The rate of contamination has been strongly reduced during the past 50 years thanks to major innovations targeting both the container and the filling technologies. Among the major changes observed during this period were:

  • Emergence of the vial as the standard primary packaging, replacing the ampul. This change resulted in a significant decrease in breakage, a reduction in risk of contamination through small cracks, and elimination of glass particle generation when the ampul is opened.
  • Development of prefilled syringes and cartridges to ease drug administration by healthcare practitioners or patients.
  • Adoption of new materials such as cyclo-olefin co-polymer (COC) and cyclo-olefin polymer (COP) that increase resistance to damage and eliminate glass particles.
  • Creation of a physical barrier between the operator and the filling area. Initially, barriers were simple walls, but now can be isolators that prevent the operator from coming in direct contact with the product, the container, and the product contact parts.
  • Use of extensive in-process control (IPC) and process analytical technology (PAT) to perform on-line checks and to monitor the process itself. On top of the classical weight check, new checks such as continuous environmental monitoring, equipment performance monitoring, automatic particle inspection, and leak detection are now frequently used to reject defective containers and batches.

Crystal closed-vial technology aims to further address the quality issue for the patient and also to simplify the aseptic filling process (2, 3).

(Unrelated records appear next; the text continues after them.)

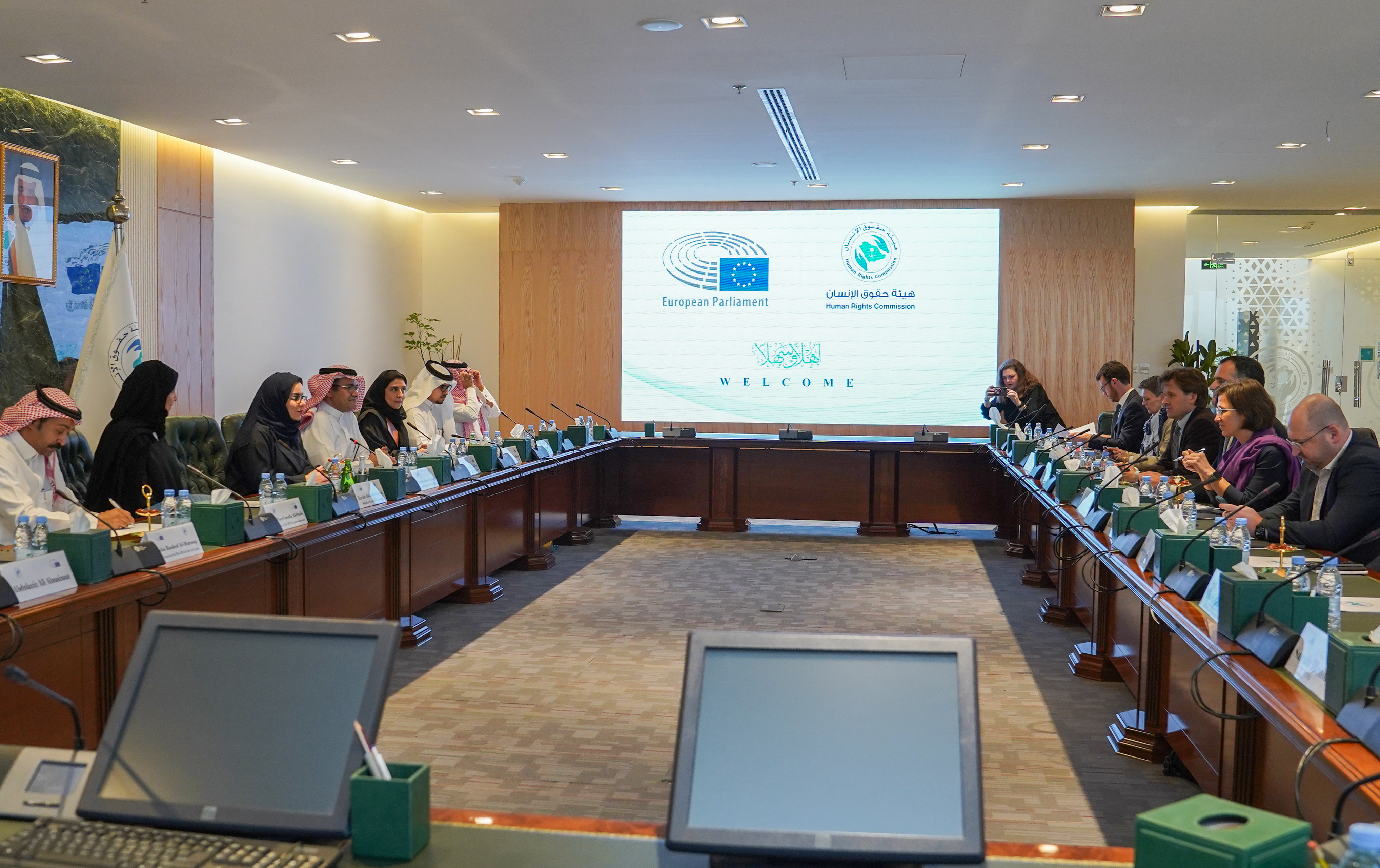Dr. Hala Altuwaijri, President of the Human Rights Commission, meets with a delegation from the European Parliament's Relations with the Arabian Peninsula Mission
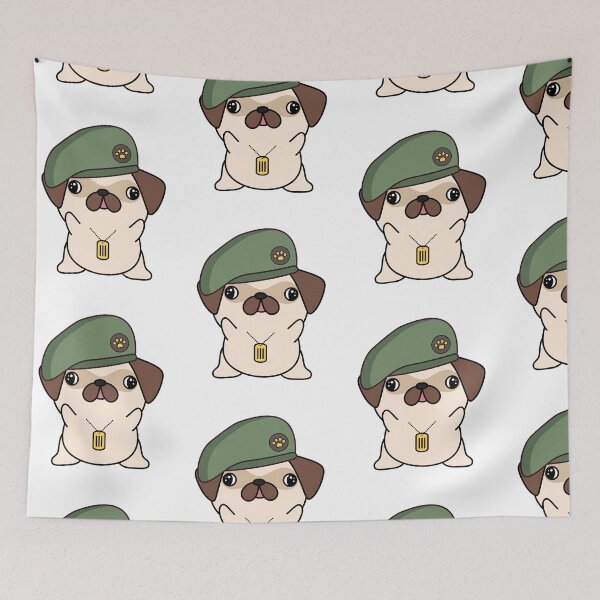 Item preview, Cute Green Beret Pug guard dog on duty designed and sold by Pet Station.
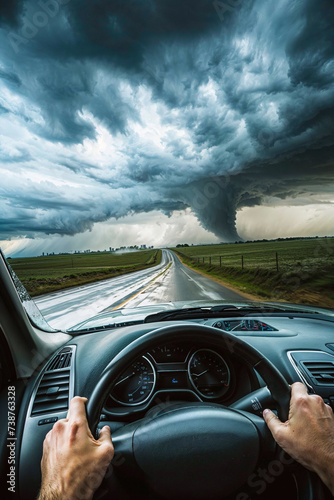 Storm chasing a tornado, driver's view from car through windshield, vertical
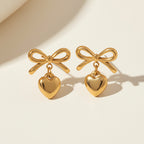 Romantic Elegance Heart Bow Earrings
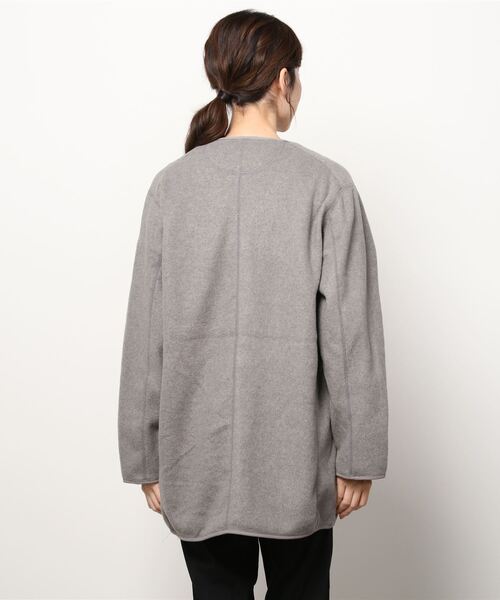 CONVERSE（コンバース）の「【CONVERSE/コンバース】フリースノーカラージャケット（ノーカラージャケット・レディース・ブラック/ブラウン/グレー/カーキ/モカ・M/L）」の7枚目の写真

The concept of crystal closed-vial technology consists of three different steps:

  • The vial is molded and directly assembled with its stopper in a ISO5 clean room, leading to a clean and closed vial.
  • The vial is then sterilized by gamma irradiation, leading to a clean, sterile, ready-to-fill vial.
  • During the filling process, a needle punctures the stopper and dispenses the liquid, followed by immediate laser resealing of the stopper to restore closure integrity and capping by snap fit. These three operations are performed in an ISO5 environment.

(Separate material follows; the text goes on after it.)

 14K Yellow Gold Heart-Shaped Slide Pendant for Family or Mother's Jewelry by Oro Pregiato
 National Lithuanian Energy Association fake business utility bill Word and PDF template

Although the goal is still to fill a vial with the pharmaceutical drug under aseptic conditions, closed-vial technology allows for some differences. Three main advantages include:
  • Increased safety for the patient: the vial remains closed during the process, significantly reducing the risk of a contaminant entering the vial compared with other containers remaining fully open, resulting in a two-log reduction of contamination risk due to exposure (4).
  • Simplification of the filling process: the vial is delivered clean and sterile, allowing the pharmaceutical manufacturer to eliminate the preparation of the container components (i.e., washing, siliconization, and depyrogenization for classical glass vials).
  • Easier handling for healthcare professionals: the handling, the opening, the piercing of the stopper, and collection of the product are facilitated compared with glass vials, because of the special shape of the stopper without a recess area. Out of 246 hospital professionals, 87% preferred closed-vial containers versus 6% who preferred glass-vial containers, according to a survey of practitioners and nurses conducted in Europe and the US (5).

Eliminating some process technologies requires the introduction of other solutions, such as:

  • Use of COC and thermoplastic elastomer (TPE) as container material for the vial body and for the stopper, respectively
  • Filling with a special needle piercing the stopper
  • Laser resealing of the piercing trace to restore closure integrity
  • Capping by snap fit of high-density polyethylene caps.

Making such changes raises several questions from the pharmaceutical industry regarding their acceptance by regulatory authorities. To ensure that the technology is suitable for aseptic filing of injectables, a series of tests should be performed regarding container materials and characteristics, container manufacturing process, and filling process.

This article describes the major changes that have been introduced, the validation processes, and their results. These data have been used by GSK Biologicals to support the approval for Europe of Synflorix, a vaccine against pneumococcal infection, using the closed vial for a Type II variation of the previous approval of the same product in other containers. It is clear that product stability data are mandatory to obtain regulatory product approval, but providing a complete set of supporting data can help the applicant to set up a complete and consistent file for submission to the authorities.